Task instructions
Since pictures do not belong in the copy, please repeat every record below exactly without them.

Data shown
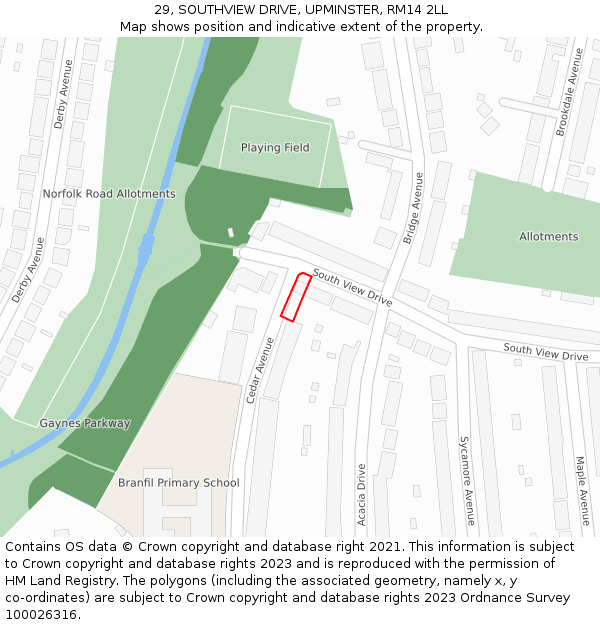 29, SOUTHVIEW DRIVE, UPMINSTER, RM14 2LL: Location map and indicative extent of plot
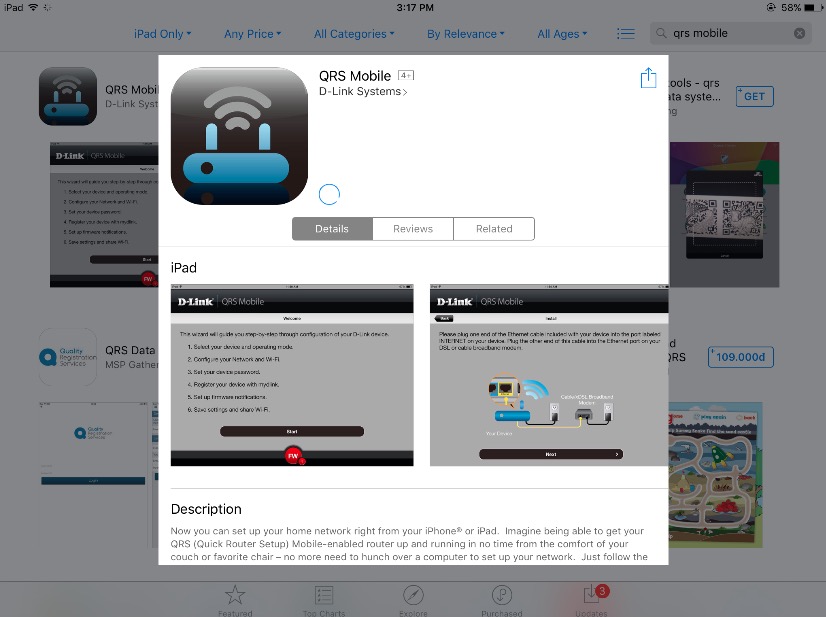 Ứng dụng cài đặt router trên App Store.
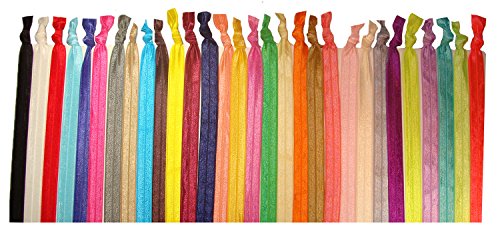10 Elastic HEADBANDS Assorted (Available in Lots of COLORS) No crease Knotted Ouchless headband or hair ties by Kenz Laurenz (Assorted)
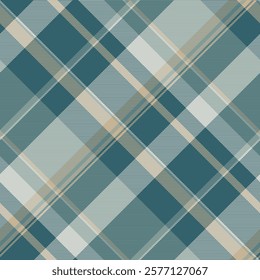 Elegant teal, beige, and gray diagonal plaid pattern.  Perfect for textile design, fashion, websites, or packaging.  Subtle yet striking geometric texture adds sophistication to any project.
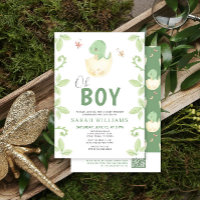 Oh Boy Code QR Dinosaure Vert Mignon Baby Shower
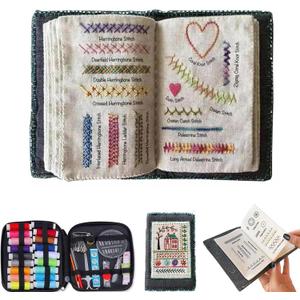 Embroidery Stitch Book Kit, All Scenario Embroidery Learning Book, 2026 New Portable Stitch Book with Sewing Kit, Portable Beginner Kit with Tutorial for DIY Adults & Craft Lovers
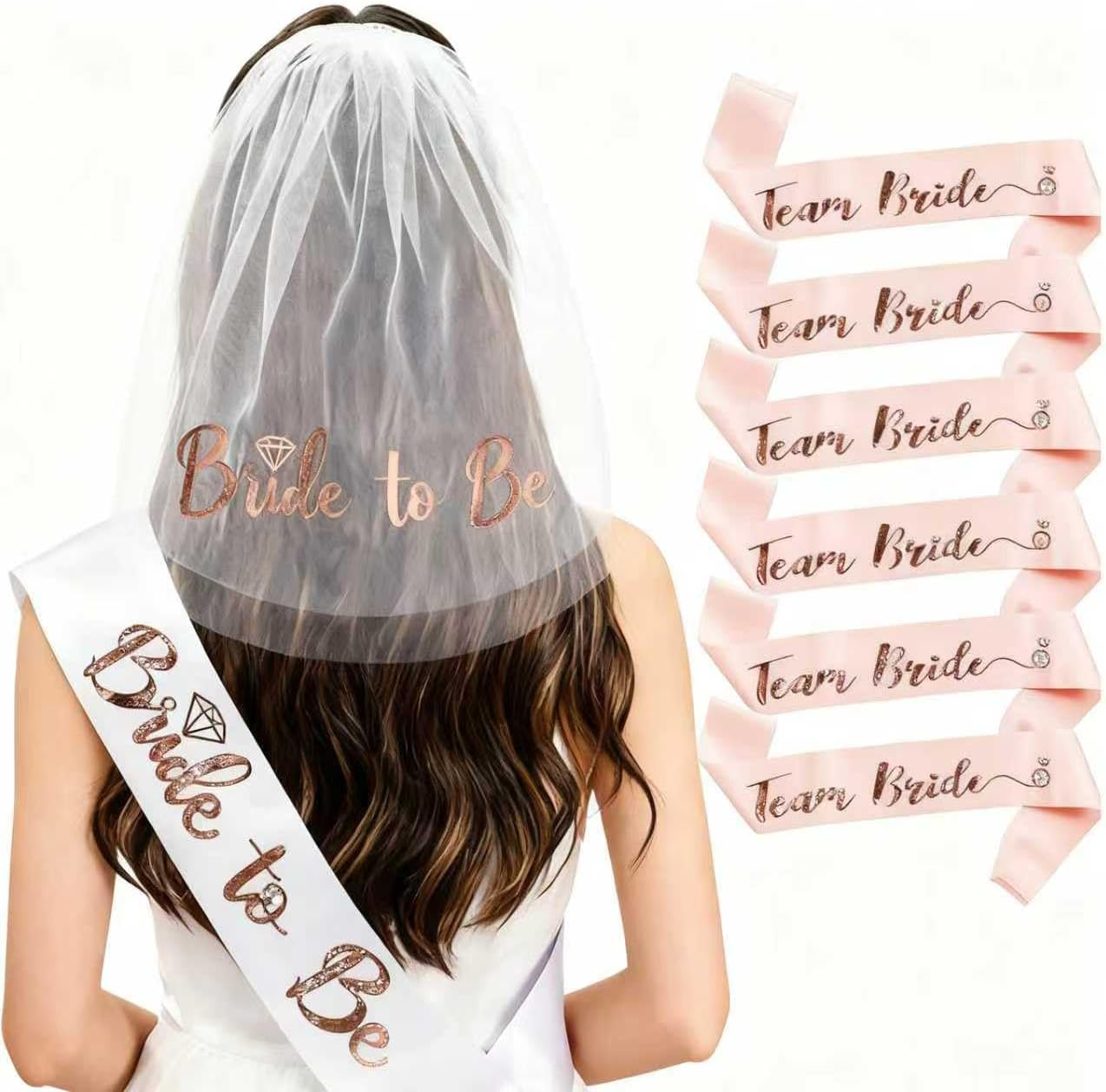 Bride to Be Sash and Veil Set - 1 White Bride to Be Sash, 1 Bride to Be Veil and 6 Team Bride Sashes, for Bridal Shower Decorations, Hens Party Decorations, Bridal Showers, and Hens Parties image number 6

Exercise solution
 29, SOUTHVIEW DRIVE, UPMINSTER, RM14 2LL: Location map and indicative extent of plot
 Ứng dụng cài đặt router trên App Store.
10 Elastic HEADBANDS Assorted (Available in Lots of COLORS) No crease Knotted Ouchless headband or hair ties by Kenz Laurenz (Assorted)
 Elegant teal, beige, and gray diagonal plaid pattern.  Perfect for textile design, fashion, websites, or packaging.  Subtle yet striking geometric texture adds sophistication to any project.
 Oh Boy Code QR Dinosaure Vert Mignon Baby Shower
 Embroidery Stitch Book Kit, All Scenario Embroidery Learning Book, 2026 New Portable Stitch Book with Sewing Kit, Portable Beginner Kit with Tutorial for DIY Adults & Craft Lovers
 Bride to Be Sash and Veil Set - 1 White Bride to Be Sash, 1 Bride to Be Veil and 6 Team Bride Sashes, for Bridal Shower Decorations, Hens Party Decorations, Bridal Showers, and Hens Parties image number 6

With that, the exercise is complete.